(Task to complete) Lines from the one containing "STL file POLYMER" through the final line of the records below are needed, copied exactly, with no pictures.

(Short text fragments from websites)
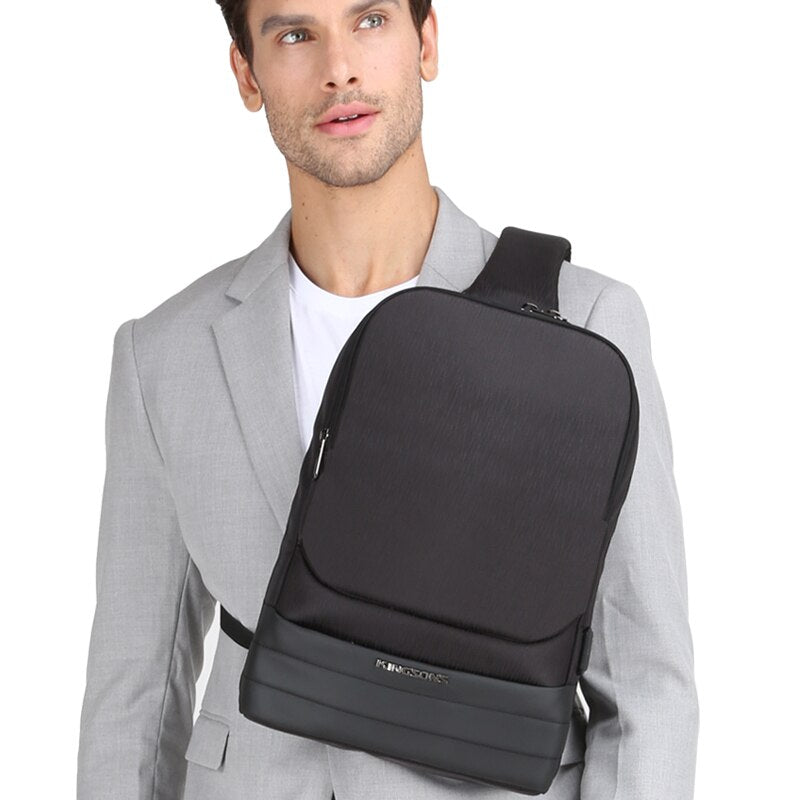 Anti theft crossbody Backpack --- 1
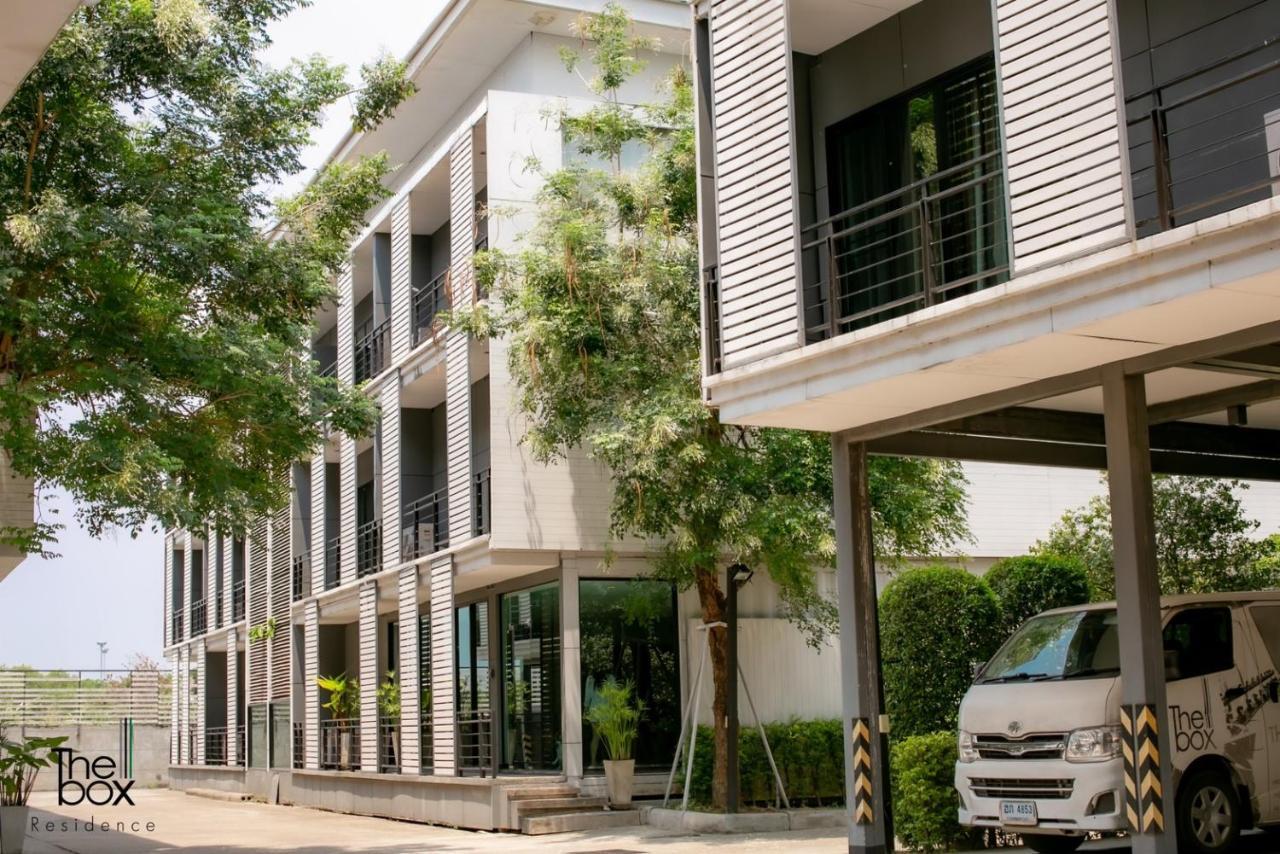 The Box Residence Bangkok Exteriér fotografie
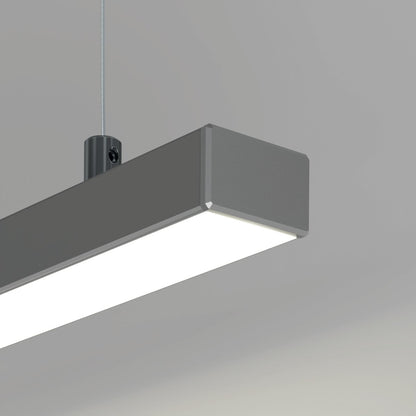 KLUŚ Endkappe GLAZA-LL, silbern, PP – Detail-/Anwendungsbild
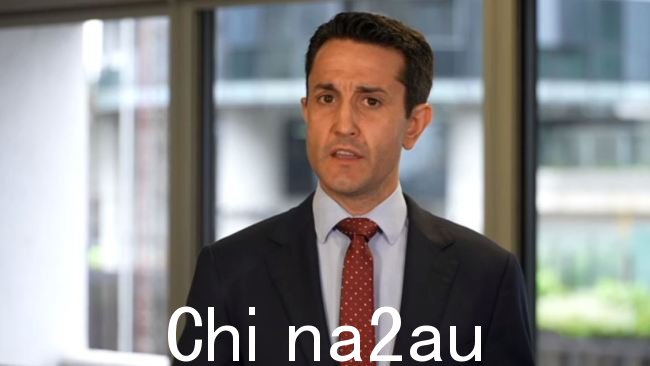 反对党领袖 David Crisafulli 将矛头指向昆士兰州政府对布里斯班奥运会的规划。图片:澳大利亚天空新闻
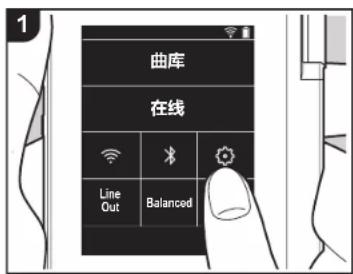 ONKYO PD-S10B - 连接 BLUETOOTH® - 1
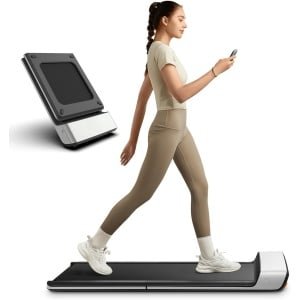 Inklapbare Loopband voor Thuis met APP Afstandsbediening - Compact en Stille 120×41,5 cm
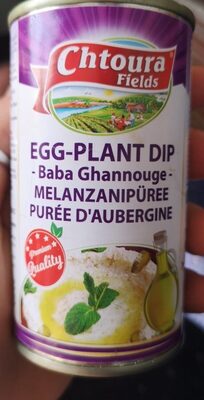 Chtoura Fields - Baba Ghannouj, Liban 185g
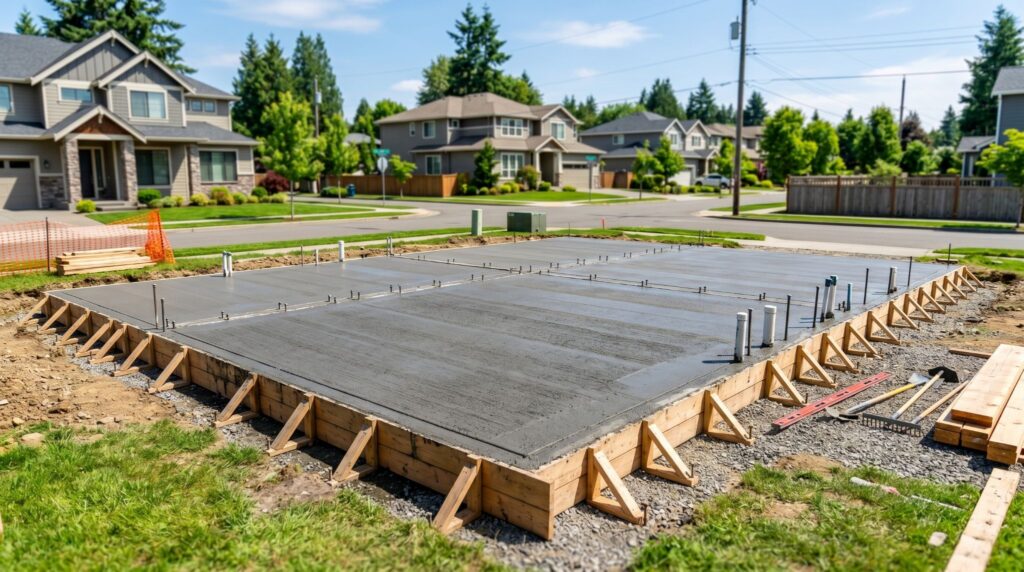 concrete slab foundation spring hill tn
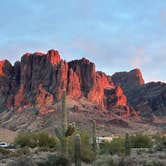 Review photo of Lost Dutchman State Park Campground by Ashlee G., February 16, 2024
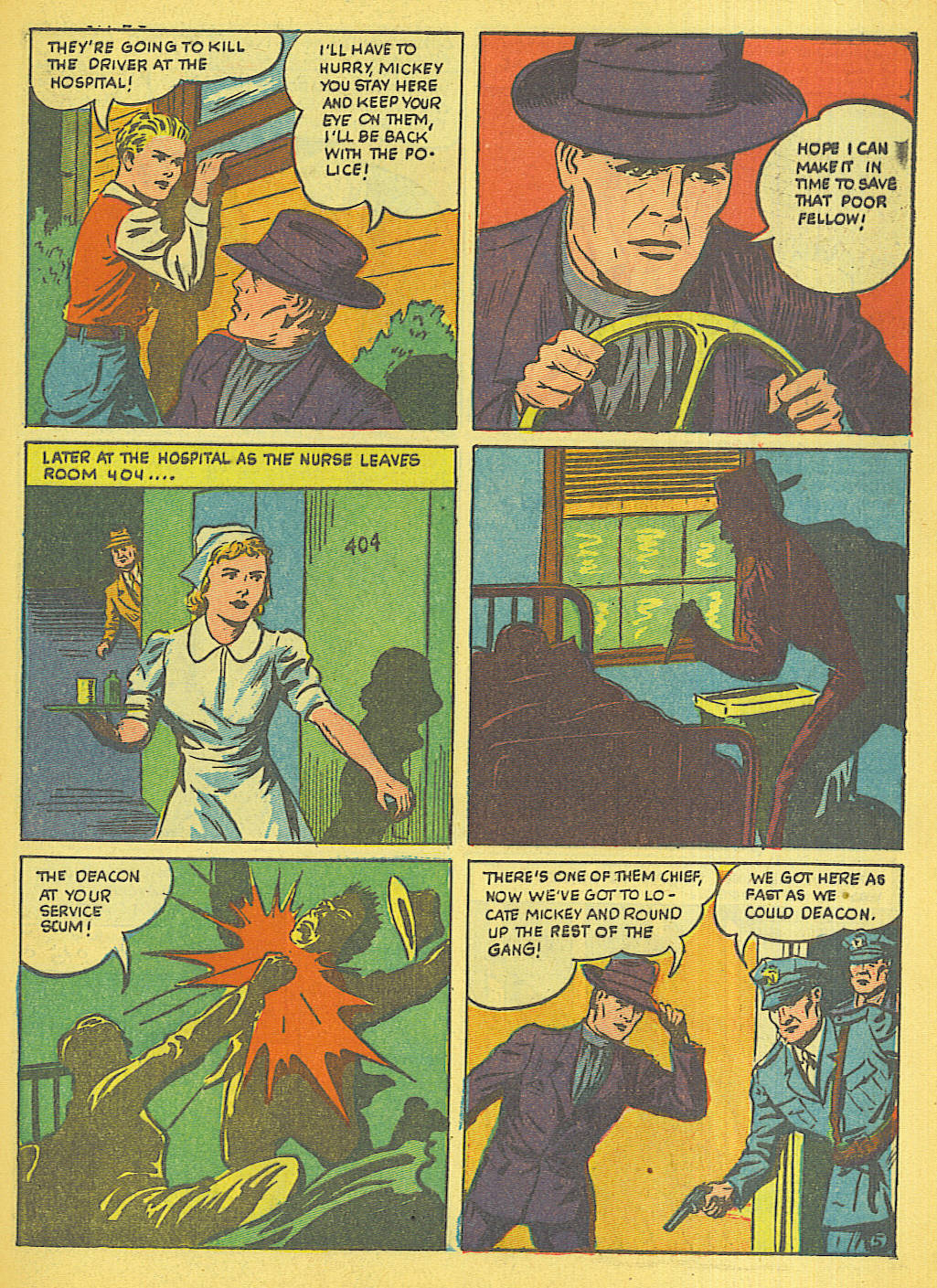 Read online Cat-Man Comics comic -  Issue #18 - 24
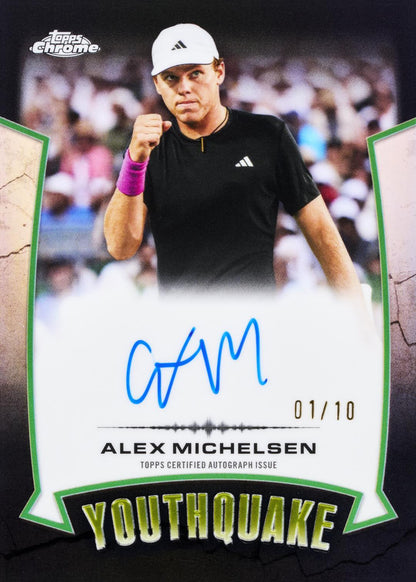 2026 Topps Chrome Tennis Blaster Box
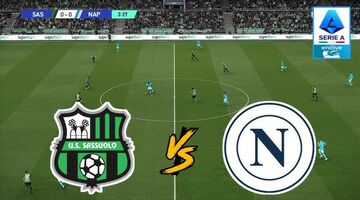 Sassuolo vs Napoli 0:2 (23/08/2025)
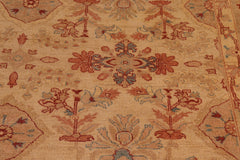 handmade Traditional Antique Gold Rust Hand Knotted RECTANGLE 100% WOOL area rug 9x12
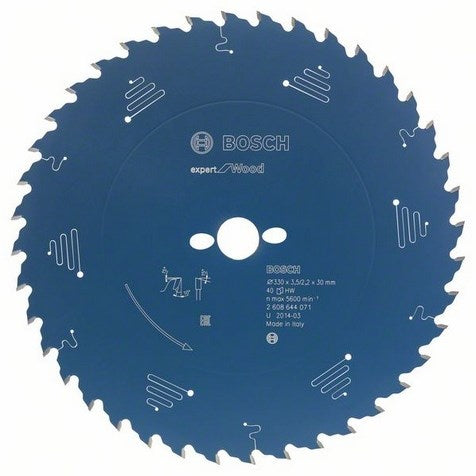 Afbeelding laden in galerijviewer, Bosch accessoires bosch cirkelzaagblad - expert wood - 165 x 20 x 2,6 mm - t24 - 2608644022
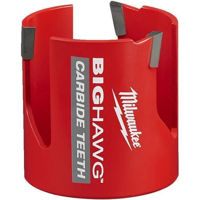 Набор головок, бит, насадок Milwaukee 4932464928 coroane multimaterial Big Hawg Ø65mm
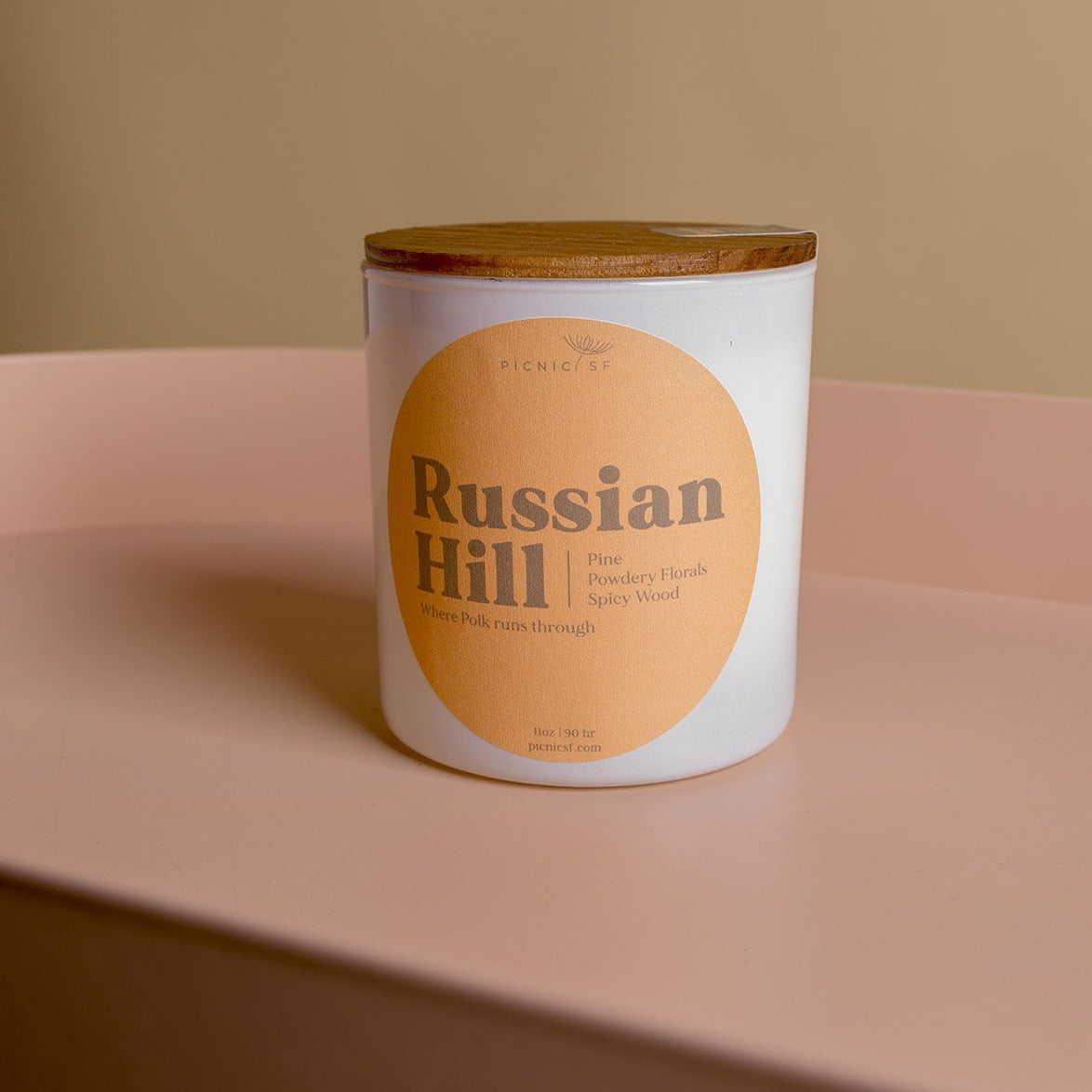 Russian Hill Candle - P I C N I C 
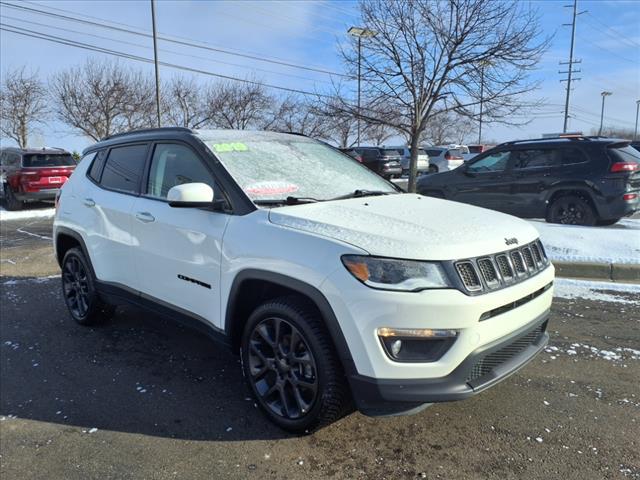 used 2019 Jeep Compass car, priced at $18,500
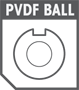 PVDF BALL 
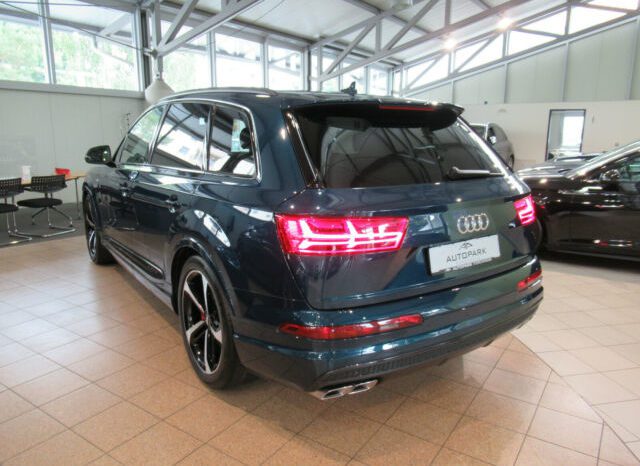 Audi SQ7 4.0TDI Quattro full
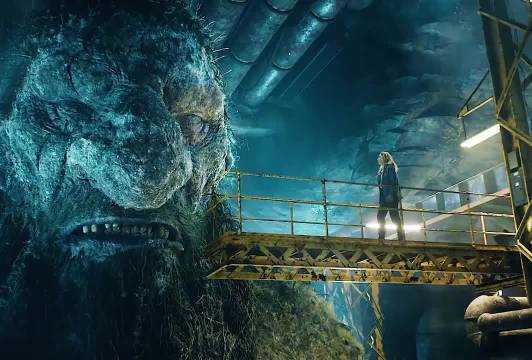 在多伏尔山的深处，被困了一千年的庞然大物苏醒了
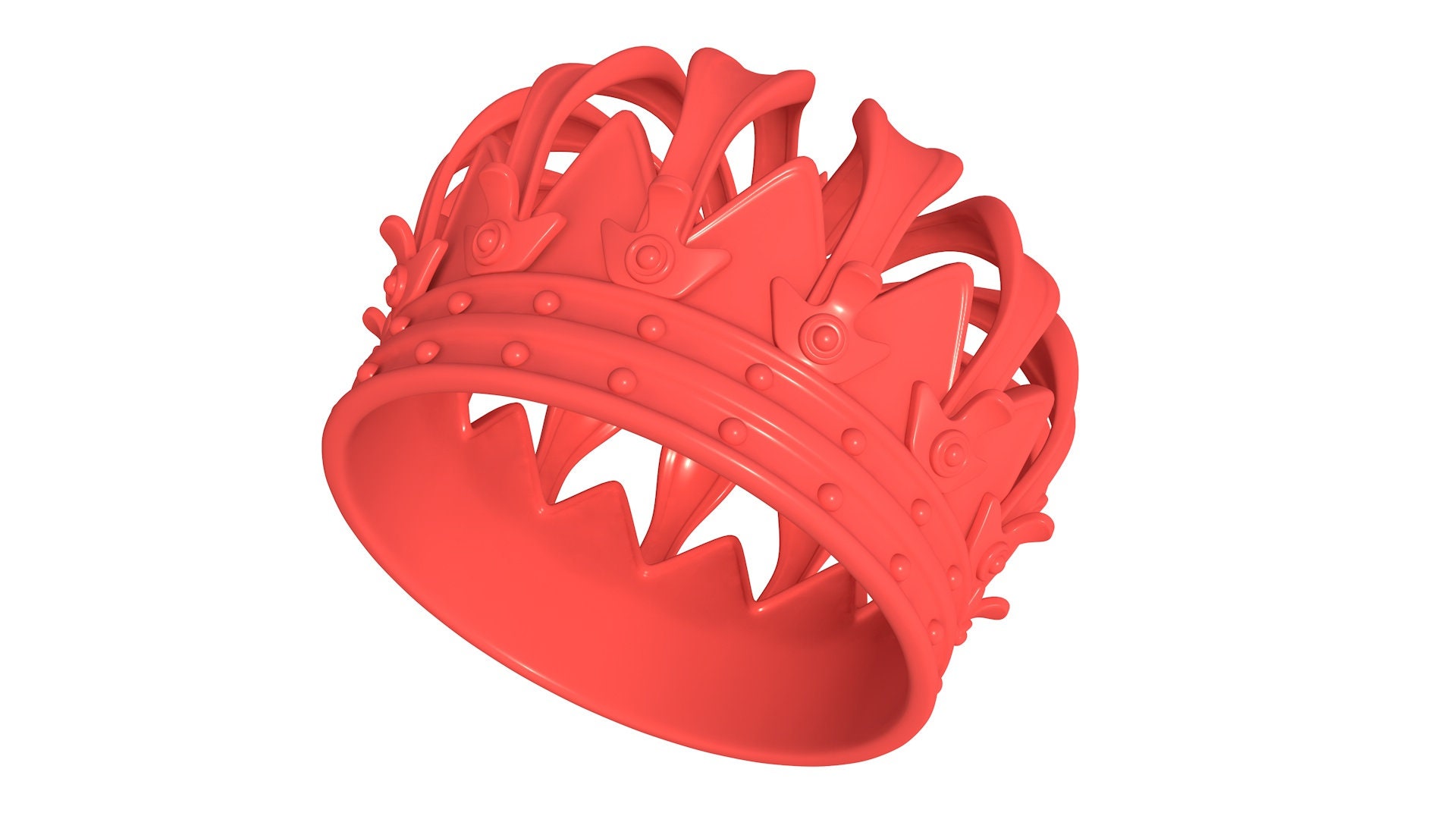 STL file POLYMER STAMPS FOR CLAY crown 👑・3D printing model to  download・Cults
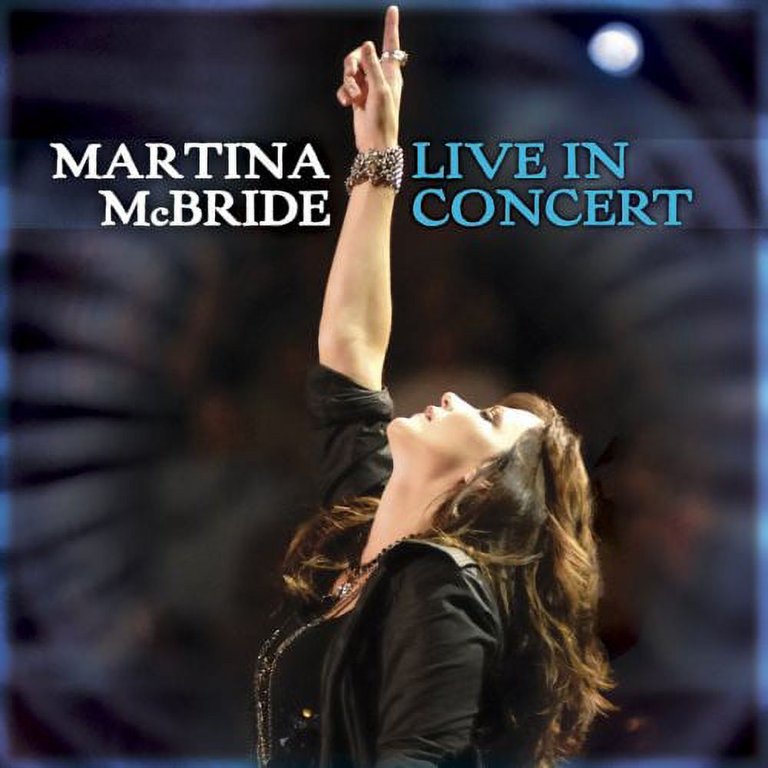 Martina Mcbride: Live In Concert [Bonus DVD] [Limited Edition] (CD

(Exercise solution)
 STL file POLYMER STAMPS FOR CLAY crown 👑・3D printing model to  download・Cults
 Martina Mcbride: Live In Concert [Bonus DVD] [Limited Edition] (CD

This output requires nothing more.